▸ WHAT NEEDS TO BE DONE:
With the pictures left out, write out exactly the lines of the listing below that run from the line with "Left tailgate light" through the line with "d2f9f25621a2ba7f14b44b8adda1094b49d88e44 · Casa".

__________________________________________________

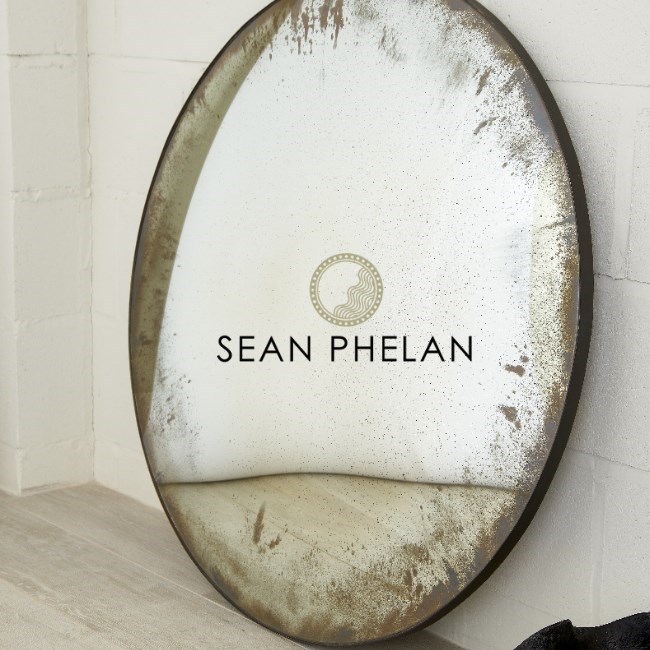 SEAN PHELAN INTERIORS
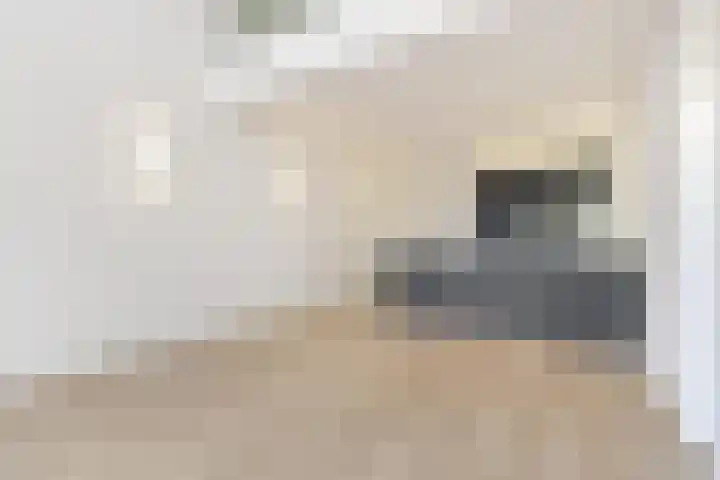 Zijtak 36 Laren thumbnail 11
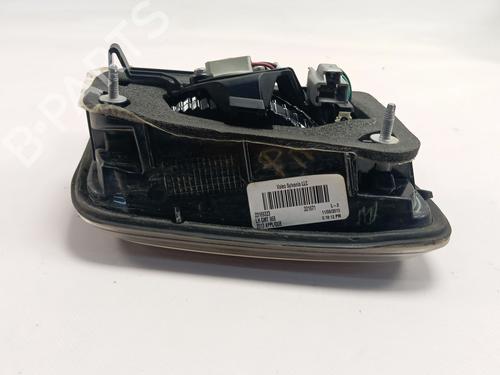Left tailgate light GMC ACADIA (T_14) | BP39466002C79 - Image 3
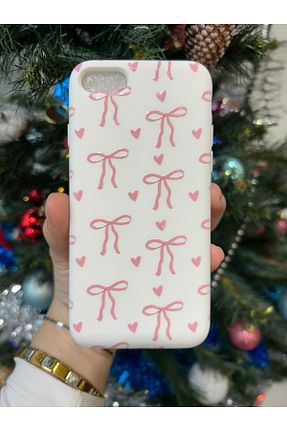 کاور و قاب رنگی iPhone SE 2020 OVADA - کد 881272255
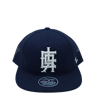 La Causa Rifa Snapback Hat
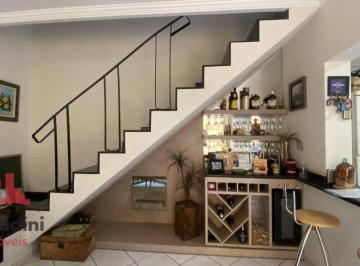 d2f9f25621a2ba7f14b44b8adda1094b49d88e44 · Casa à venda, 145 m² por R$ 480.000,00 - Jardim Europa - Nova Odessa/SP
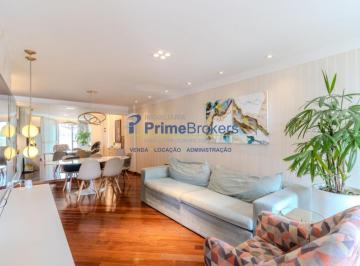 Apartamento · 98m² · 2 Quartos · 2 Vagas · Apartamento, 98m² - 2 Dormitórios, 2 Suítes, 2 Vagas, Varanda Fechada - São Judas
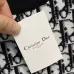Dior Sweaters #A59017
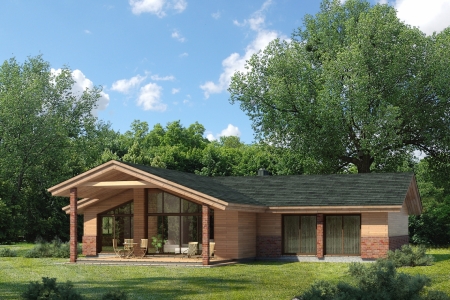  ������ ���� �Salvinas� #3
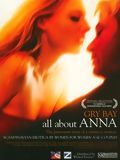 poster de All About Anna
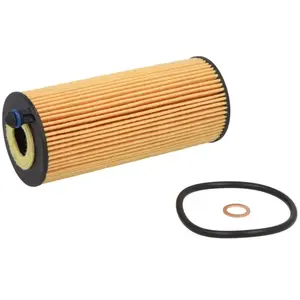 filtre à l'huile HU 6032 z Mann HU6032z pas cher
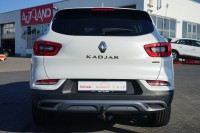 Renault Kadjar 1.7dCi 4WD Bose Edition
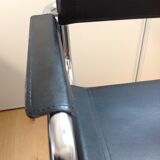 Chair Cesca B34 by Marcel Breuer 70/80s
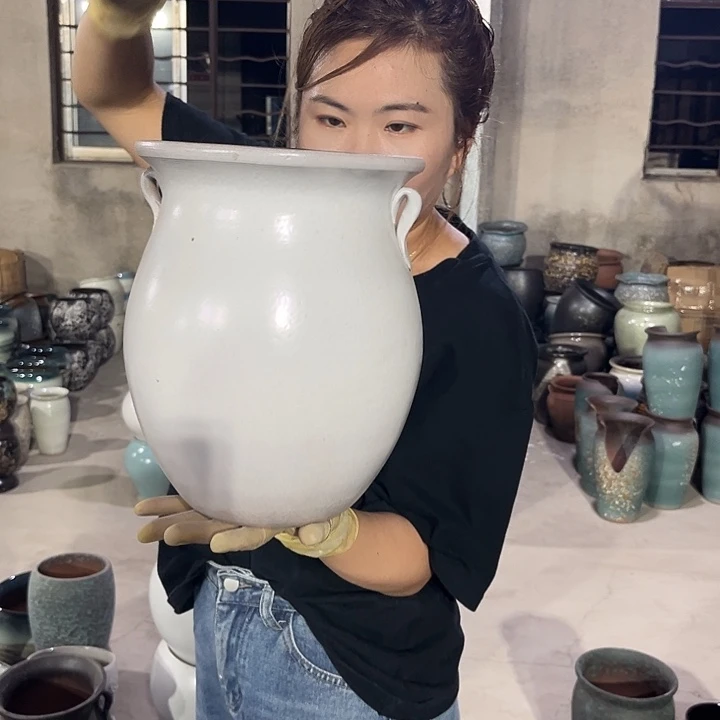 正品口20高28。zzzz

__________________________________________________

▸ RESULT OF THIS TASK:
Left tailgate light GMC ACADIA (T_14) | BP39466002C79 - Image 3
 کاور و قاب رنگی iPhone SE 2020 OVADA - کد 881272255
 La Causa Rifa Snapback Hat
 d2f9f25621a2ba7f14b44b8adda1094b49d88e44 · Casa à venda, 145 m² por R$ 480.000,00 - Jardim Europa - Nova Odessa/SP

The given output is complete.